• _Task_
When you reach the line containing "ロンドルーチェ 心斎橋(Lond luce)&nbsp;ダークアッシュ/ミディアムレイヤーカット［髪質改善/縮毛矯正］", start transcribing exactly and continue through the last line of the data, skipping every picture.

• _Supplied records_

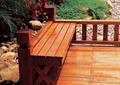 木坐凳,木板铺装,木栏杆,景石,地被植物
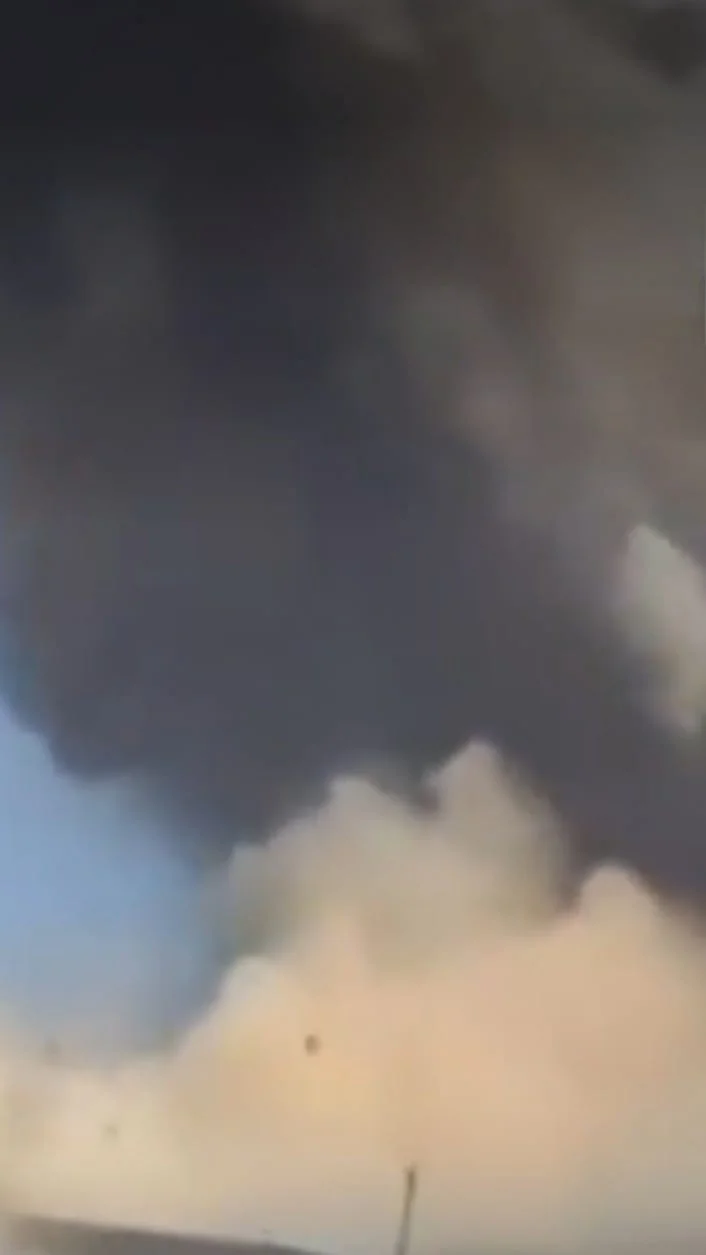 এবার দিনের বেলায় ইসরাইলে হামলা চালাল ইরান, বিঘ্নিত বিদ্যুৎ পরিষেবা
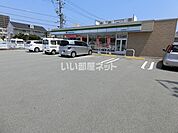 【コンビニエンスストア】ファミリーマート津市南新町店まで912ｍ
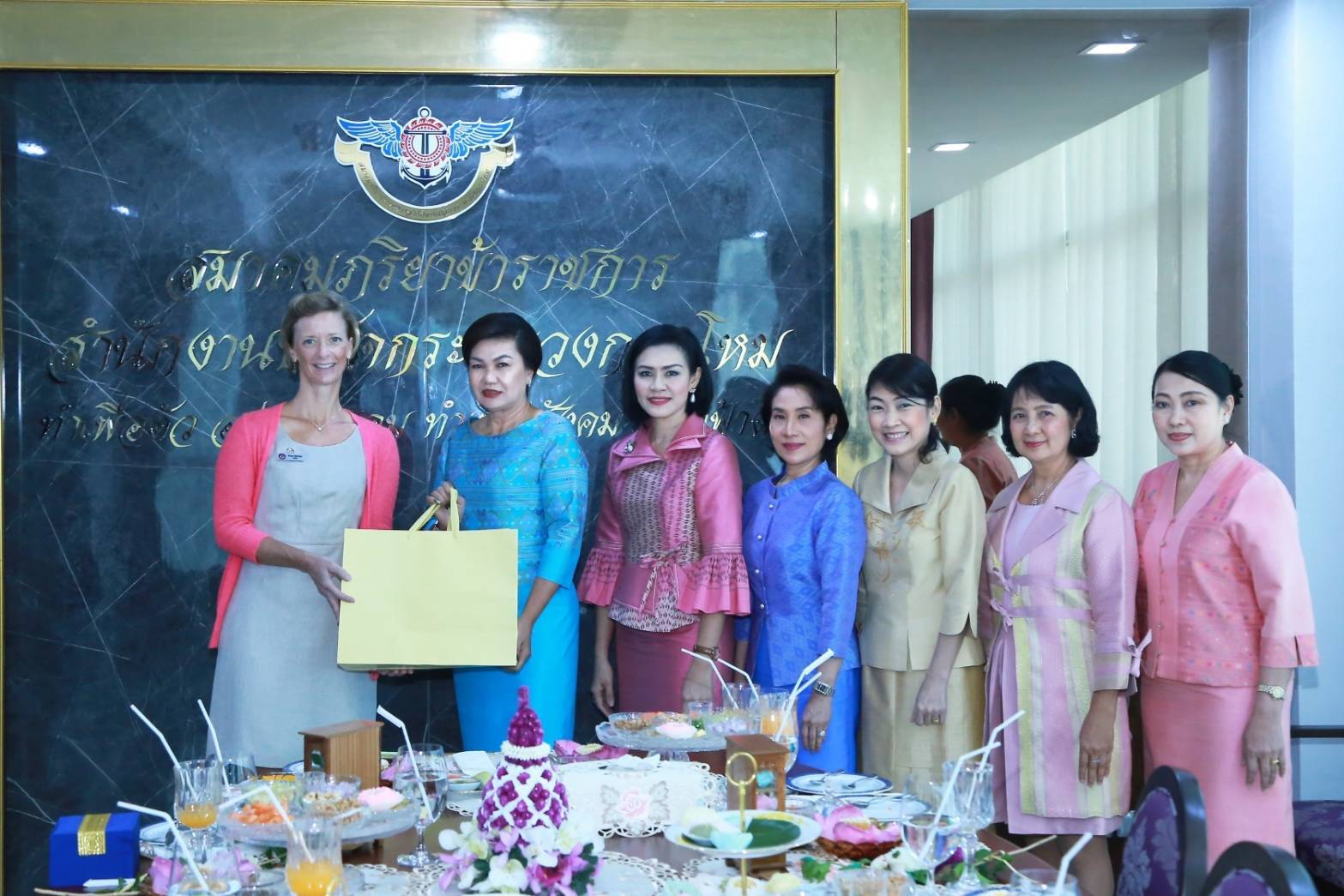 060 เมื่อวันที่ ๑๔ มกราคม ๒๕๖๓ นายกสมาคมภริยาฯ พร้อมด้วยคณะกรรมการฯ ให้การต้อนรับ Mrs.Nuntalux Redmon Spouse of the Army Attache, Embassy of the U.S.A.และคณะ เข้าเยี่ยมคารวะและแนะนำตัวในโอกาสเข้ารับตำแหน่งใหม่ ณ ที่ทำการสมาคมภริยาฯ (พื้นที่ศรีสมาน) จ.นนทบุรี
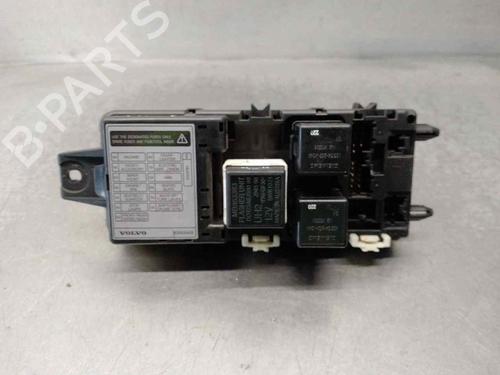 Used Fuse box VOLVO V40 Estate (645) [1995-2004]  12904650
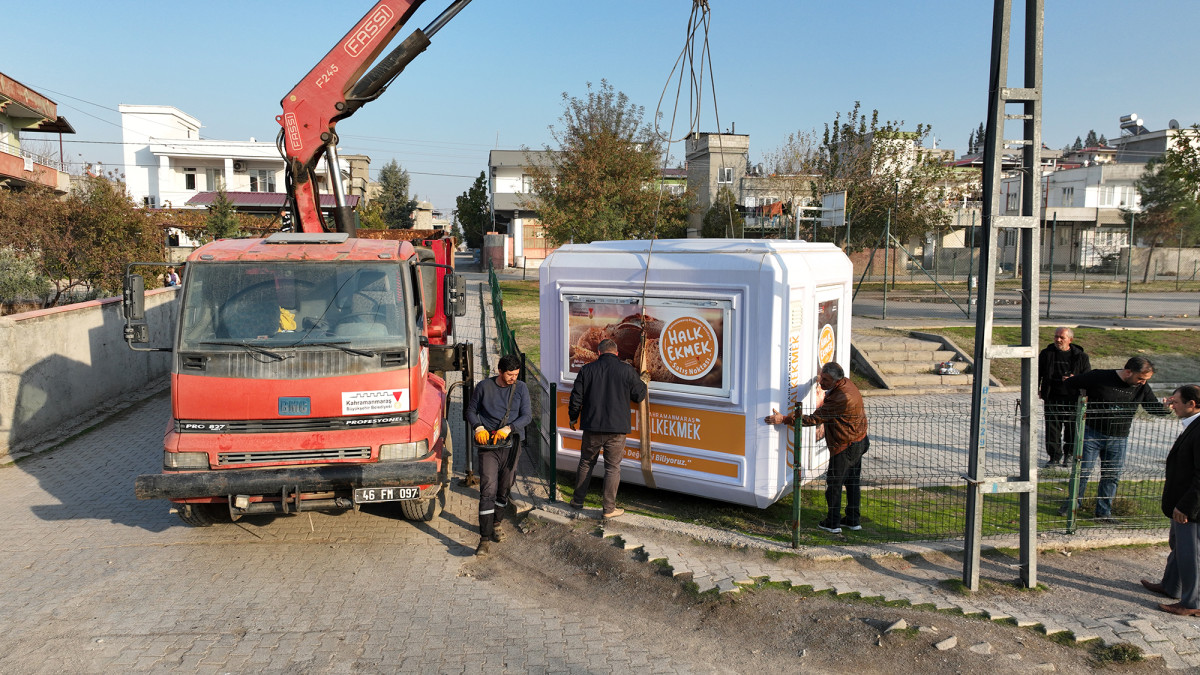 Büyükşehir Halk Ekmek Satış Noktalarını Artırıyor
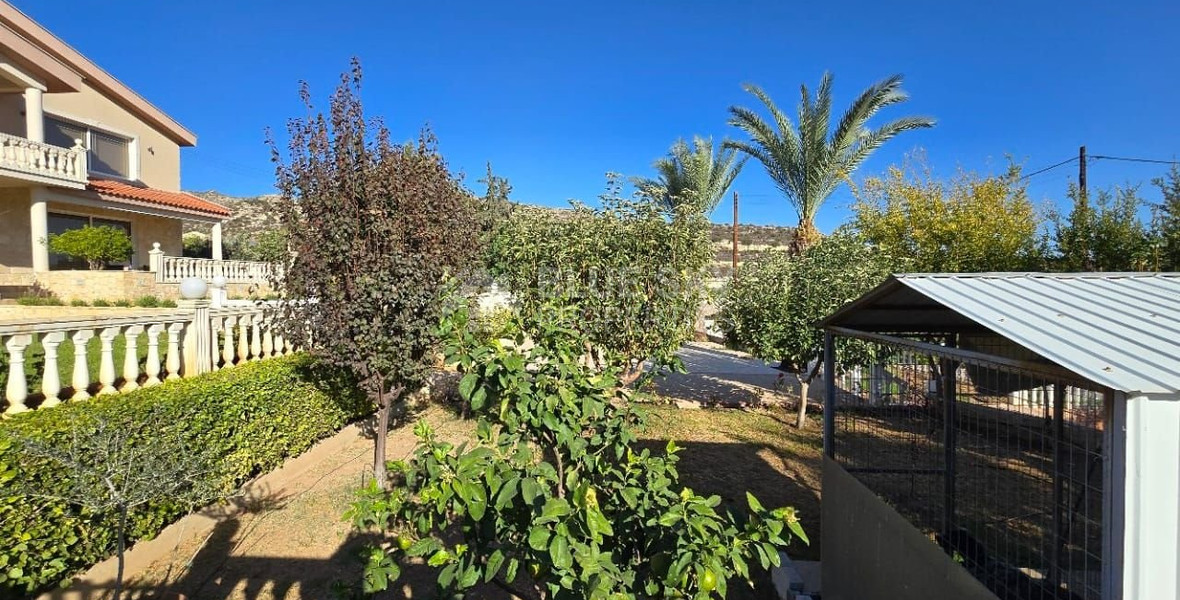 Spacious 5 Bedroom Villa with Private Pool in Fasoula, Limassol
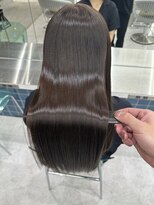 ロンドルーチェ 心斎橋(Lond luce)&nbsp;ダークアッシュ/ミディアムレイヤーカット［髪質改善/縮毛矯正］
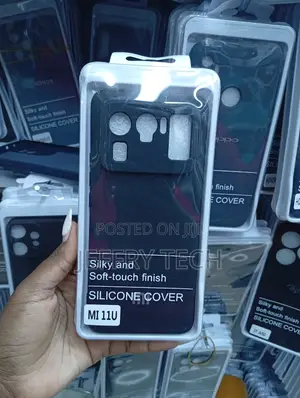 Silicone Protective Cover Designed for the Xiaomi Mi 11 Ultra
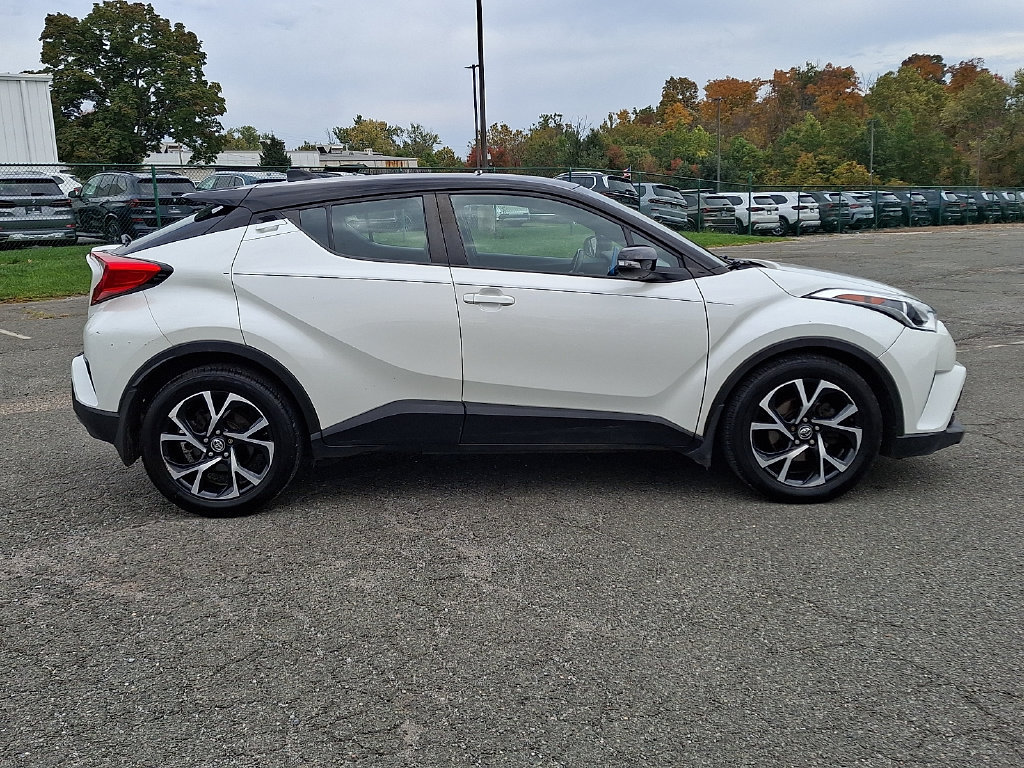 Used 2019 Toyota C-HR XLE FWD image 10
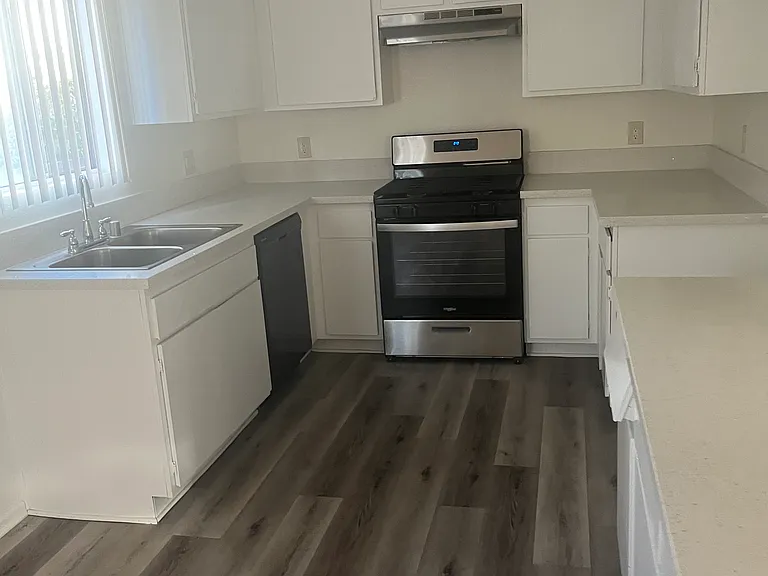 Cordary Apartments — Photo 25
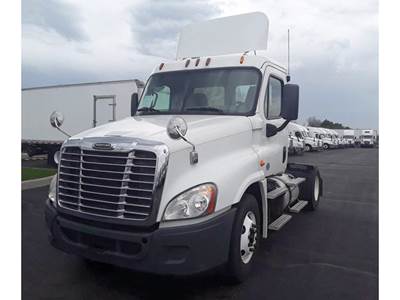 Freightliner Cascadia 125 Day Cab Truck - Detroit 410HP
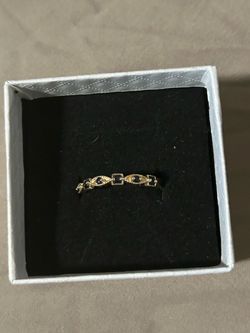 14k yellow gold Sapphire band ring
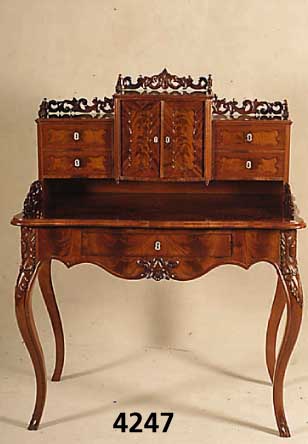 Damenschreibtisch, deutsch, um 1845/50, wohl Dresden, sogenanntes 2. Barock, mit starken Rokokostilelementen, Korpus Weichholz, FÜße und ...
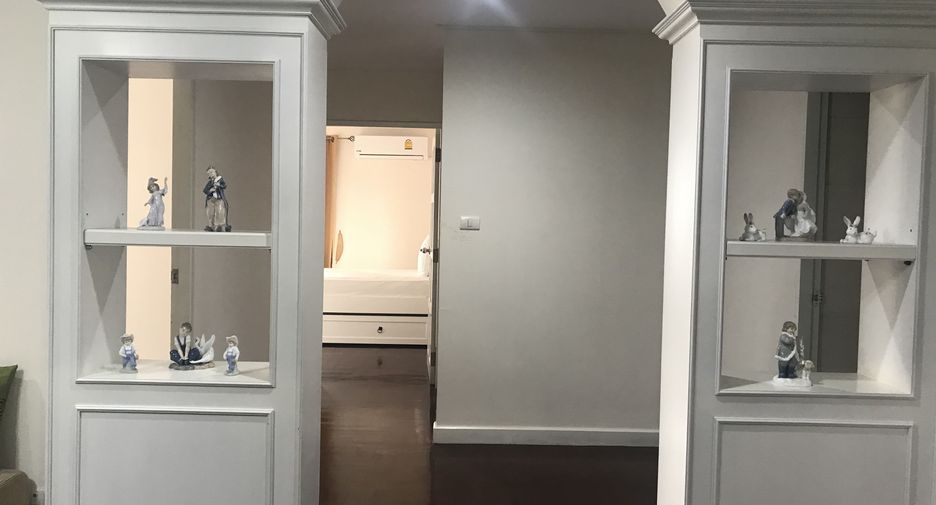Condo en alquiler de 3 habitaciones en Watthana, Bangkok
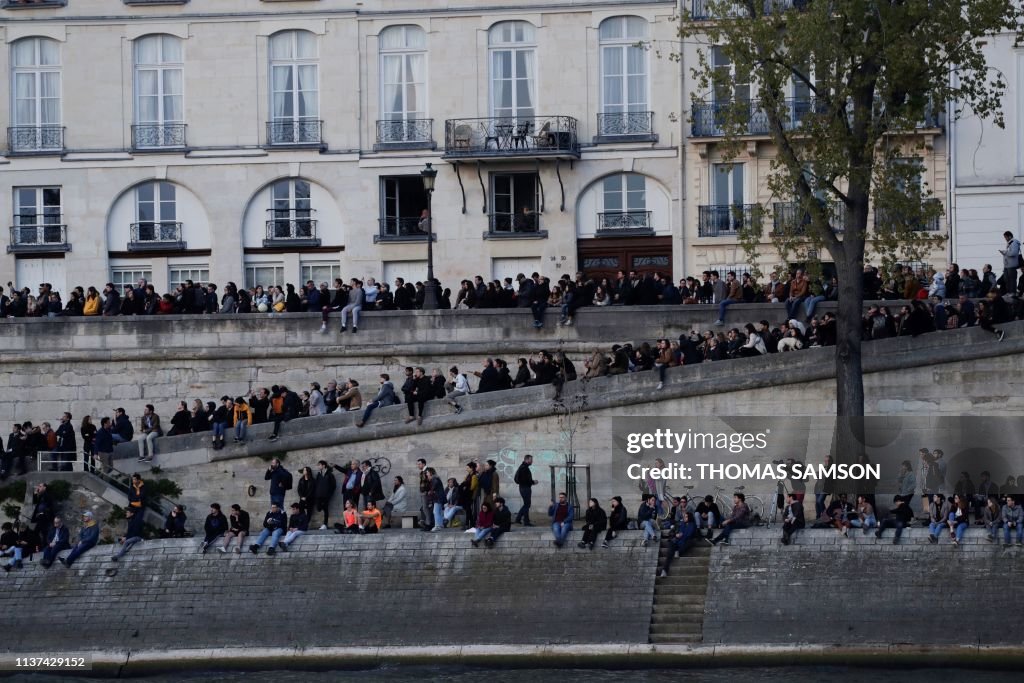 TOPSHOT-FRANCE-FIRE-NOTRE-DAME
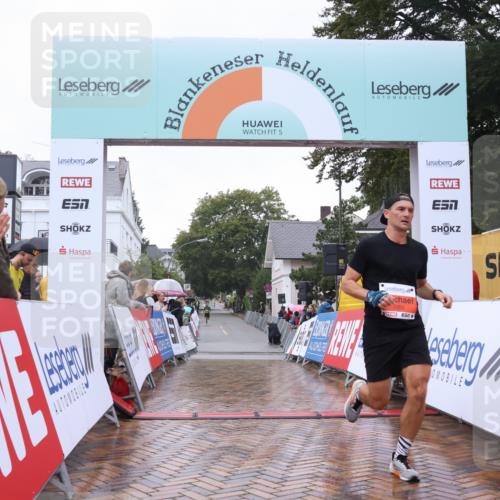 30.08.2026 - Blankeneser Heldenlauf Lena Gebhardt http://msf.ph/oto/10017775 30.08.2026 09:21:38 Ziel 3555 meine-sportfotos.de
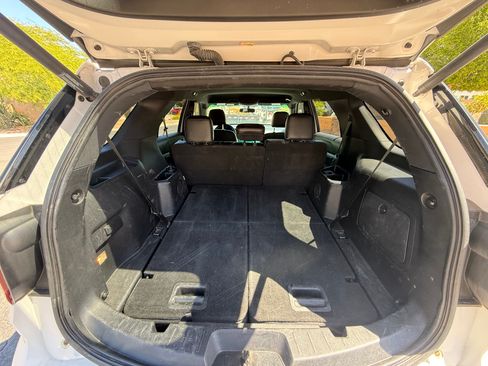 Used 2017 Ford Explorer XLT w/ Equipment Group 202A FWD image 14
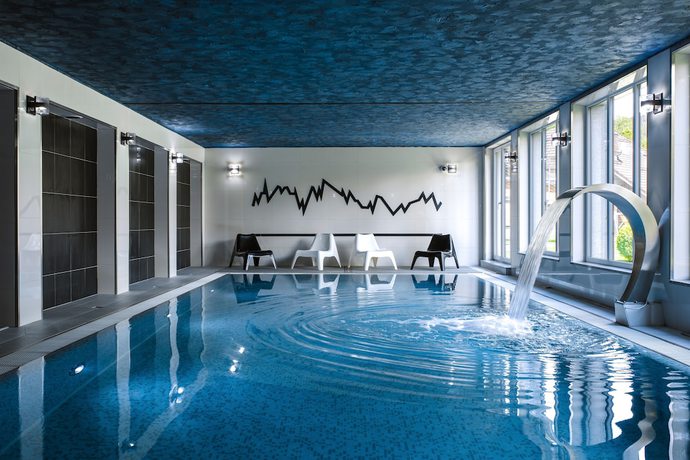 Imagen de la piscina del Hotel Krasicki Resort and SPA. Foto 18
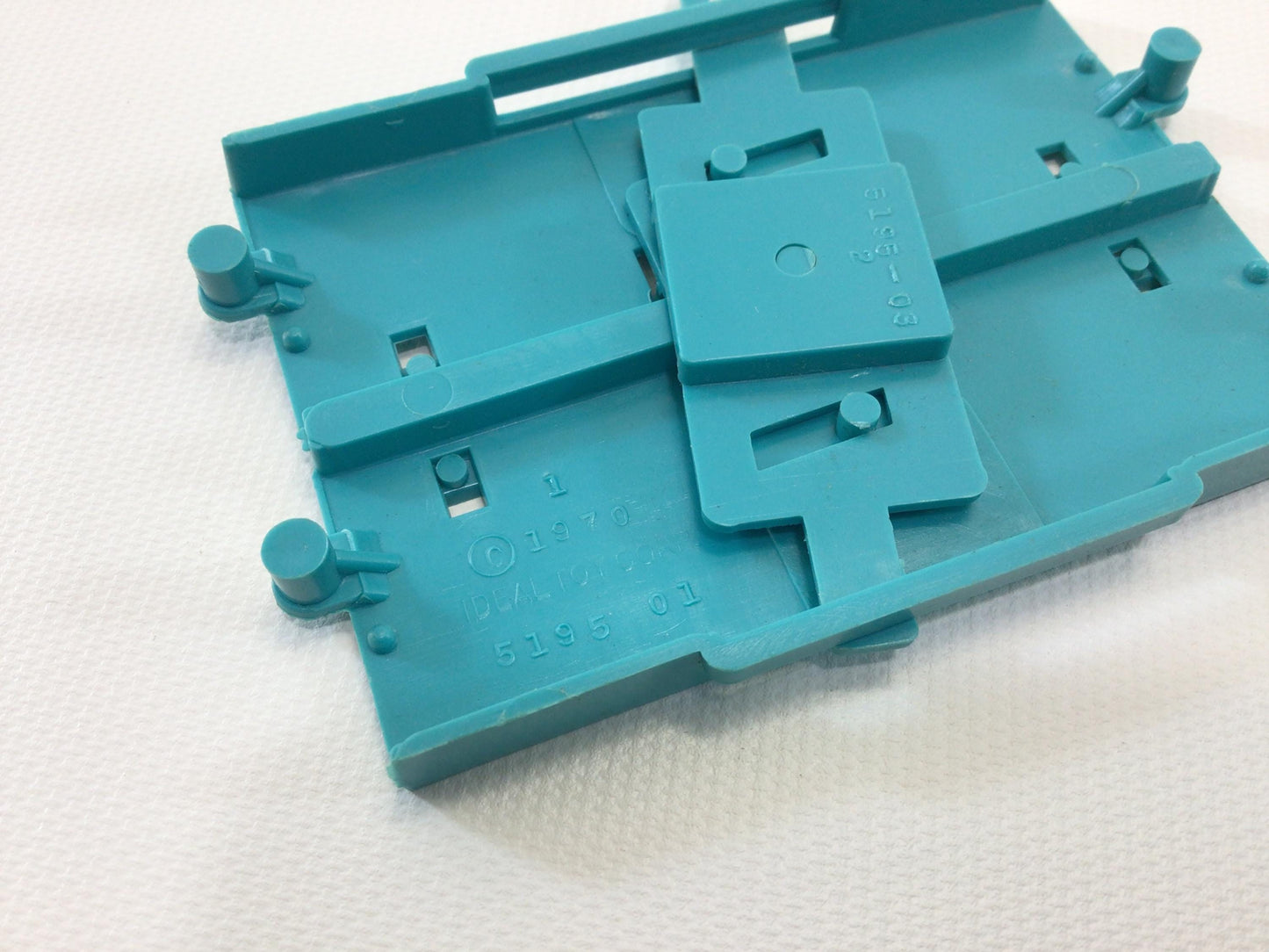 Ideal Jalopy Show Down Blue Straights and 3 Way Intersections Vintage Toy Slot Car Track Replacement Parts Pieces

• _The answer_
 ロンドルーチェ 心斎橋(Lond luce)&nbsp;ダークアッシュ/ミディアムレイヤーカット［髪質改善/縮毛矯正］
 Silicone Protective Cover Designed for the Xiaomi Mi 11 Ultra
 Used 2019 Toyota C-HR XLE FWD image 10
 Cordary Apartments — Photo 25
 Freightliner Cascadia 125 Day Cab Truck - Detroit 410HP
 14k yellow gold Sapphire band ring
 Damenschreibtisch, deutsch, um 1845/50, wohl Dresden, sogenanntes 2. Barock, mit starken Rokokostilelementen, Korpus Weichholz, FÜße und ...
Condo en alquiler de 3 habitaciones en Watthana, Bangkok
 TOPSHOT-FRANCE-FIRE-NOTRE-DAME
 30.08.2026 - Blankeneser Heldenlauf Lena Gebhardt http://msf.ph/oto/10017775 30.08.2026 09:21:38 Ziel 3555 meine-sportfotos.de
 Used 2017 Ford Explorer XLT w/ Equipment Group 202A FWD image 14
 Imagen de la piscina del Hotel Krasicki Resort and SPA. Foto 18
 Ideal Jalopy Show Down Blue Straights and 3 Way Intersections Vintage Toy Slot Car Track Replacement Parts Pieces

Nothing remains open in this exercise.